Banking by Inclusion: Old Wine in New Bottle

Tuesday, November 22, 2005

from http://www.hindu.com/biz/2005/11/21/stories/2005112100201500.htm

The government is set to carry forward some important proposals enunciated recently by the Reserve Bank of India in its credit policy statements to make Indian banking more inclusive. What the RBI has been proposing reflects a felt need of large sections of bank customers. That in turn has been attributed to a fundamental change in the way public sector banks have been operating since the 1990s.

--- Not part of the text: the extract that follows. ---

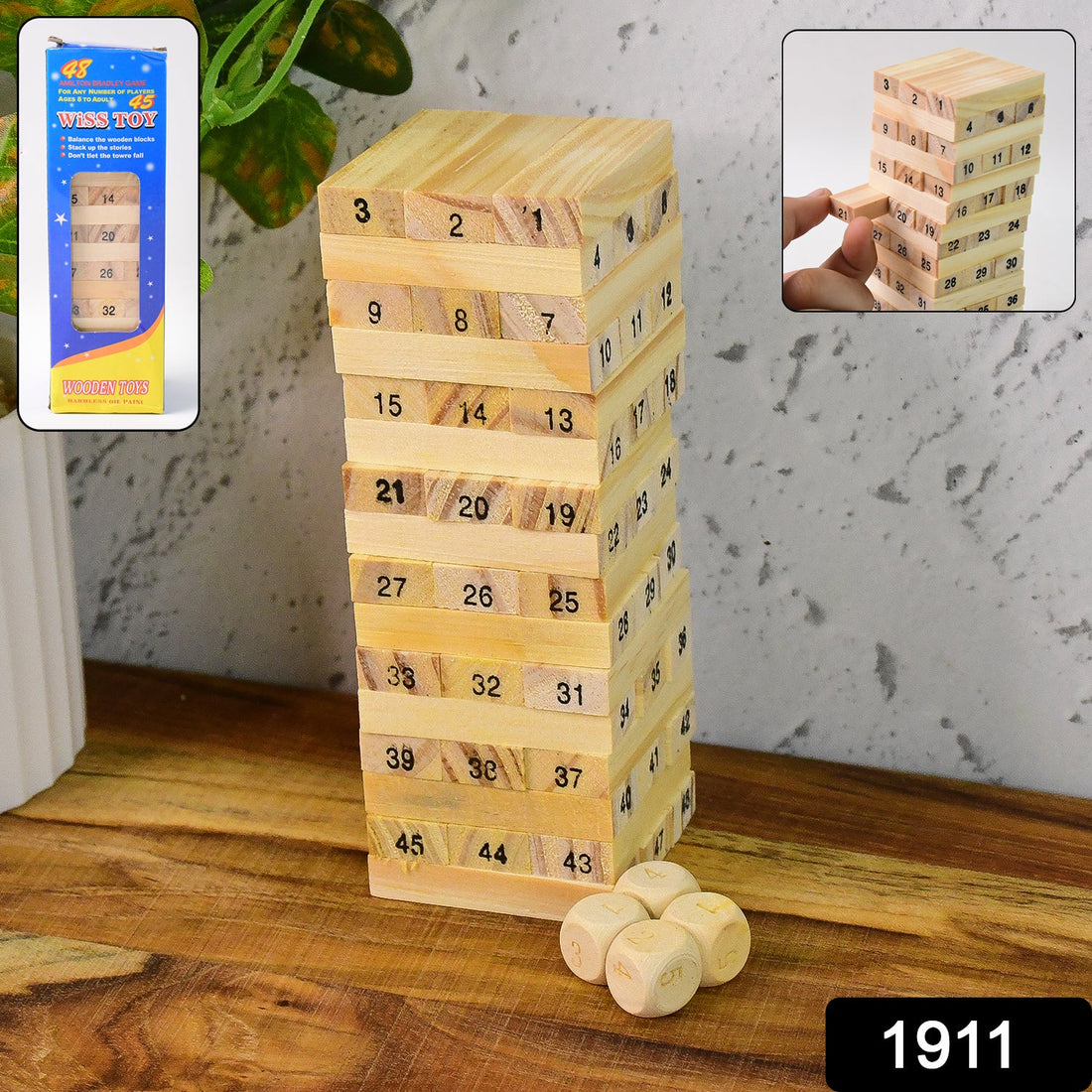 A tall tower of natural wooden blocks with dice, ready for a challenging Wooden Stacking Game.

Commercial banks, especially the government owned ones (by far the dominant players still), had at some stage made a sharp U turn in the way they perceived their roles vis-a-vis their large customer base. The question was (and is) never so stark but in the 1990s top managements probably faced a poser like the following: should we be catering to the large volume but presumably low value market or concentrate on the cream? There never was any overt ban on accepting any type of customers (except those who do not conform in a legal sense) but, given the overriding objective of profitability, PSBs followed the example of foreign and the new private banks in offering “value added’’ services and niche products. For a majority of customers affordability became an issue.

The mass banking era

A decade earlier, following the great wave of bank nationalisation (1969), the new government owned banks claimed to be performing “mass banking’’ as against “class banking,’’ then the preserve of foreign banks. Those were not mere clich?s: PSBs did aggressively expand to develop the largest branch network anywhere in the world in a short time span. A large number of five rupee accounts were opened. A minimum balance of Rs. 5 was sufficient to open a savings bank account. Their forays into lending to small scale and agriculture have been pathbreaking. All these meant taking banking products to areas and people who had been left out till then. Whatever else might be said of PSBs’ working during a quarter century of nationalisation, they were never accused of neglecting them either in practice or in spirit. There were no attitudinal problems among their employees.

Changed perceptions

The new focus on the relatively better off customers has been a direct corollary of the changed approach to commercial banking. Additionally, the new accounting norms and prudential regulations might have forced PSBs to be choosy. While nobody says that loans to small scale units or agriculture are inherently riskier than loans to a large borrower, the perception became ingrained that the latter category is “safer” and in a practical sense easier to follow up. The more recent phenomenon of PSBs disbursing loans to their large borrowers at below prime rates, effectively below cost, is only a manifestation of their discriminatory attitude. Depositors of PSBs have a special reason to feel aggrieved. By insisting on minimum balances that in many cases were much higher than what the average PSB depositor was used to was an early manifestation of the new found exclusivity. Higher charges for a variety of services such as outstation collection and issue of drafts, and substantially higher minimum balance for facilities such as ATM followed.

RBI’s call

The RBI’s recent half yearly review (October 26) has called for greater financial inclusion by banks of all segments of the population, rural or urban, revival of the co-operative credit system, revamping of regional rural banks and lending to the disadvantaged sections. A very specific suggestion is to allow opening of “no frills’’ accounts with minimum or nil balance. Banks will also have to give wide publicity to these. It must be admitted that none of these suggestions is original. The PSBs were in fact practising most of these all these years. The challenge now is to integrate these with their normal banking practices without losing sight of their commercial goals. The RBI’s advocacy of inclusive practices is belated and probably redundant. The PSBs on their own should have realised what many consumer oriented companies in India have been doing for quite some time ? that there is money to be made at the base of the pyramid and not just at the apex. If this realisation spurs them to be innovative, the government owned banks could fulfil their commercial as well as social goals.